I have probe functions connected at the very end of each inference branch. Once i add return Gst.PadProbeReturn.DROP at the beginning of the probe function it affects the whole pipeline. No files are being saved and second inference is halted and does not perform any inference.

Example

Let’s assume one of the inference branches outgoing from tee element suddenly takes more time for postprocessing or model suddenly crushes, it will affect the whole pipeline even downstream from the element where error occured. I would expect the other branches work accordingly once one of the pipelines has hard time. I would not expect it to break or halt the whole pipeline downstream because of some error.

How can you guarantee the file is saved exactly at the moment you want?

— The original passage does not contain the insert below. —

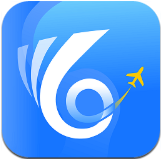 �C�鲂�app安卓版v1.6.0 手�C版
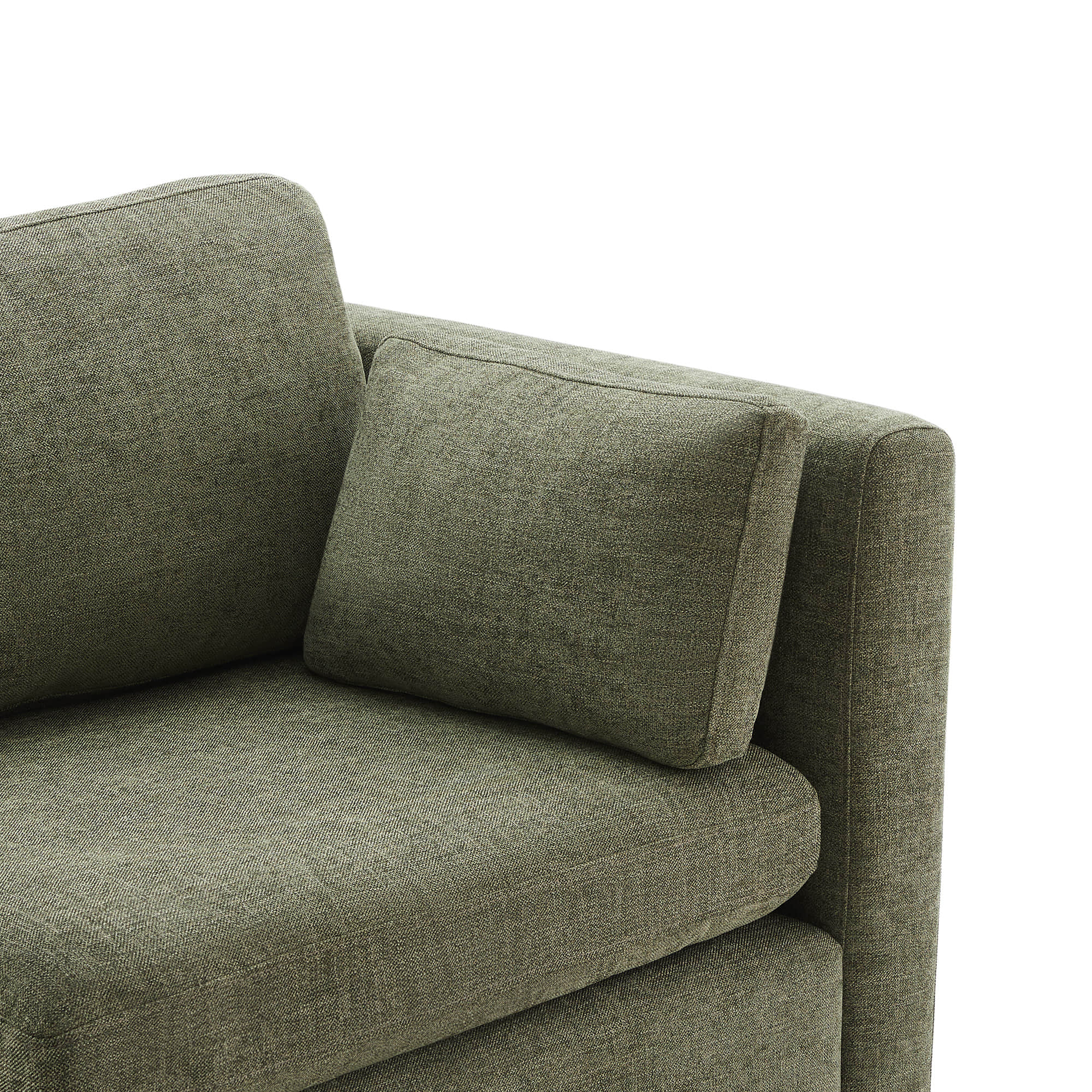 Product image 111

If you don’t do that, the latency is not guaranteed.

No. They are not totally separated, they all work on the same “live” source and share the same memory after “tee”.

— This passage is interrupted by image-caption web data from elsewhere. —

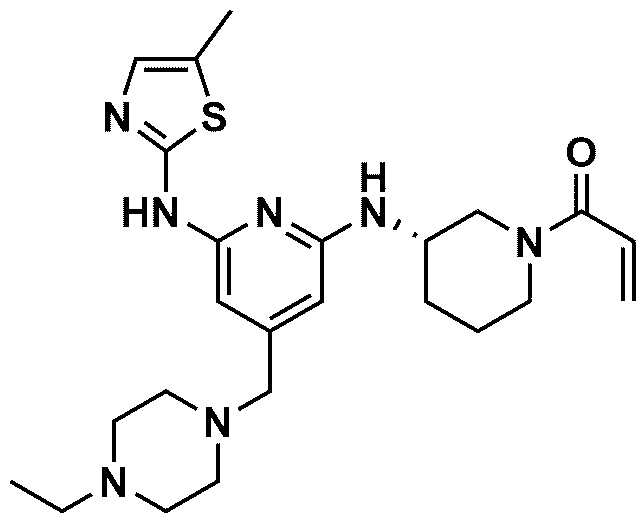 Figure pat00117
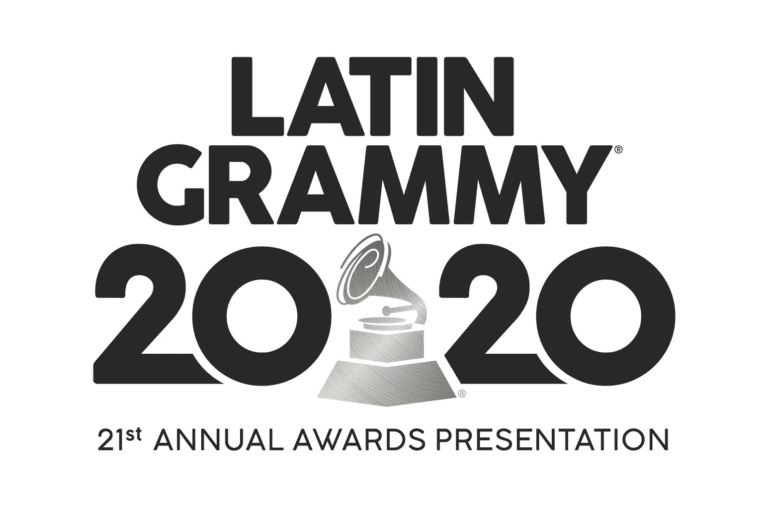 Los Artistas de Sony Music lideran las nominaciones de la 21a entrega anual del Latin GRAMMY® 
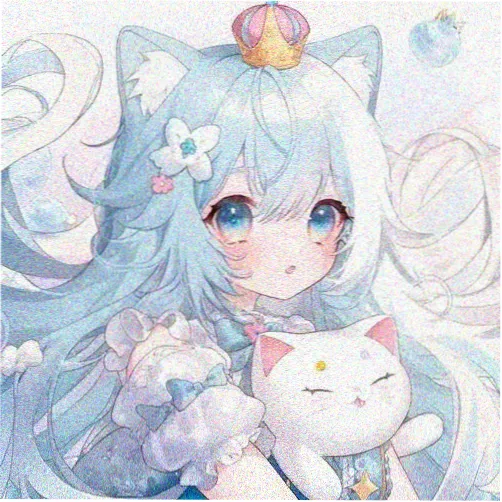 武侠漫画势力节点：青篁剑派掌门柳知白的头像标本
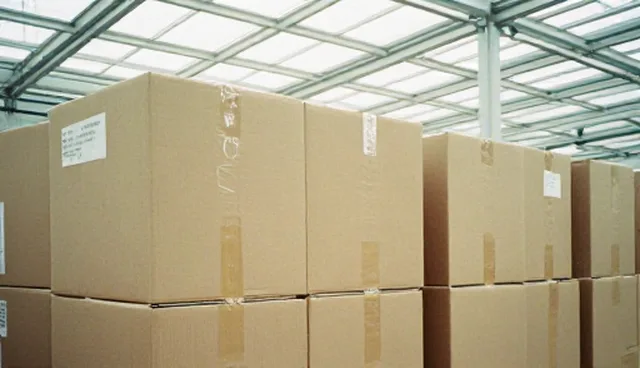 能力建设：加工产品常见问题与处理方法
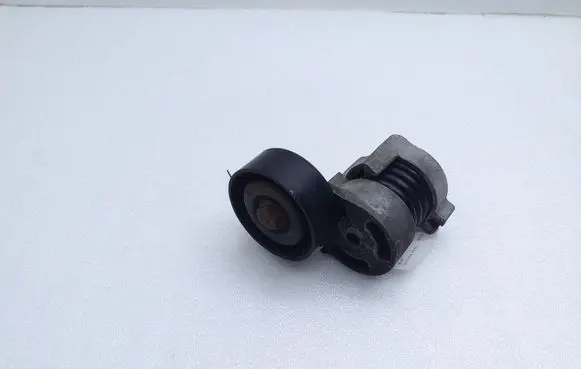 BMW Z4 E85 E86 Generator/alternator belt tensioner 7524267 11287524267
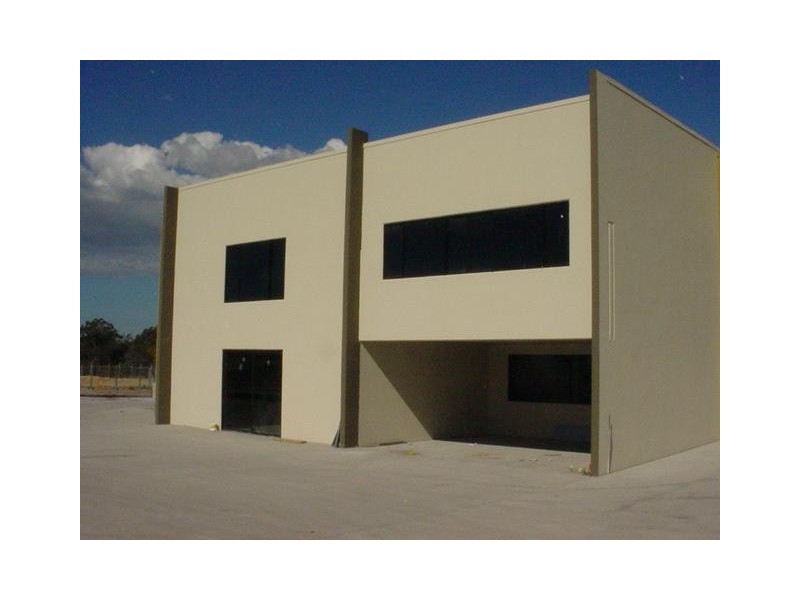 Coomera QLD 4209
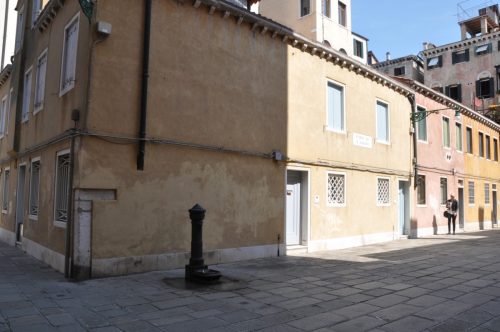 DSC 0998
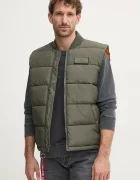 Alpha Industries Елек Puffer Vest LW 118109 142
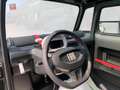 Fiat Topolino Sporting Schwarz - thumbnail 14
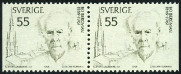 Timbre Y&T N635b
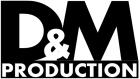 D&M Production  P.P.U.H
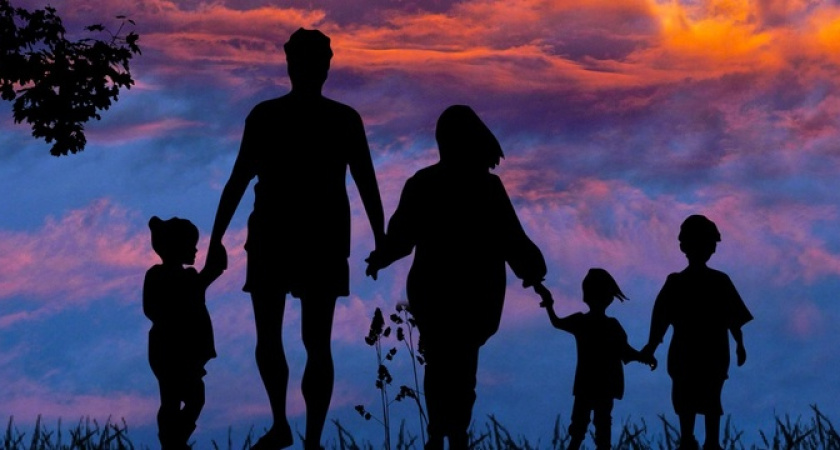 Полнолуние в Стрельце 23 мая 2024 года: Глоба поведал кто из знаков попадет в сказку, а кто — в ловушку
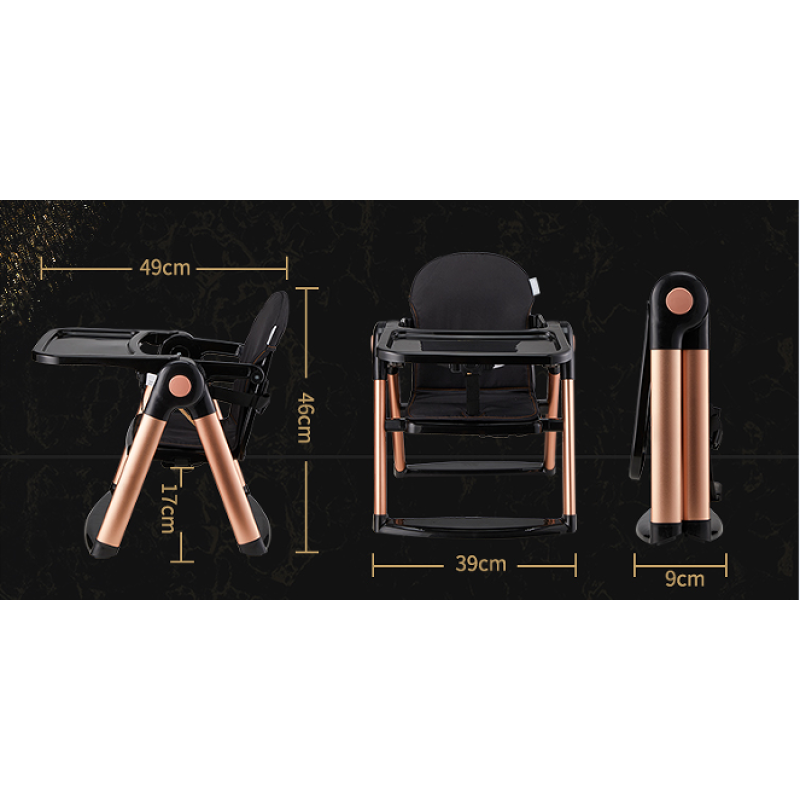 Folding Seat Manufacturer - New Style Cheap Multifunctional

Then you may need huge “buffering space” to keep the asynchronized GstBuffers.
Most DeepStream plugins shares hardware buffers but not copy the buffers.

If you want them to be separated, you may run in four separated pipelines but not four branches in one piepline.

@Fiona.Chen thank you for your response

In appsink i am emitting a saving file signal once 60 frames is accumulated and the file is immediately saved and right after that the logger logs its timestamp. File is saved with the timestamp of 60th frame accumulated and this timestamp is logged.

I understand thank you, could you just confirm whether i can process inferences in batches once live-source is set to 1 or no?

How can i achieve that if i only have one live source camera? Running 2 separate pipelines is not feasible since camera daemon is occupied by the first pipeline that is being run. Second pipeline throws an error that Error generated. gstnvarguscamerasrc.cpp, execute:805 Failed to create CaptureSession which means that camera thread is occupied and cannot capture video for second pipeline.

The frames are always processed in batch. You have only one source while set the nvstreammux batch size to 8, the nvstreammux will wait for a long time to collect the 8 frames from the single source if you don’t set “live-source=1”. Then the other branches will also wait if the GstBuffer is not consume in time.

It is no meaning to handle 8 frames in one batch if you have only one camera. The pipeline involves long delay.

@Fiona.Chen thank you for your response. So in case of having only one camera, inference should be performed with live-source set to True of nvstreammux and batch-size=1? Is it advised to perform inference not in batch size mode when having only 1 camera and instead process one frame at a time? I will also add that both inference branches can perform inference with postprocessing below 16 ms, so inference can be done before next frame is created and delivered from camera.

If you concern about the performance and latency,the answer is “yes”.

I don’t understand this description.

Thank you @Fiona.Chen, I understand now.

Regarding my question, I was referring to my setup, where I have only one live camera as the source. In a previous message, you mentioned:

Given this, I wanted to clarify: When using a single camera, should inference be performed with live-source=True? This setting ensures that frames are processed one at a time rather than in batches. Essentially, my question is:

Would it be better to perform inference on each frame as soon as it arrives, rather than accumulating frames into a batch and introducing some delay?

“live-source=TRUE” guarantee the pipeline always process the batch at once no matter how many frames are collected in the batch. For your one camera case, the batch always contains only one frame no matter what the batch size value is.

“live-source=TRUE” guarantees the batch be processed right after at least one frame arrived.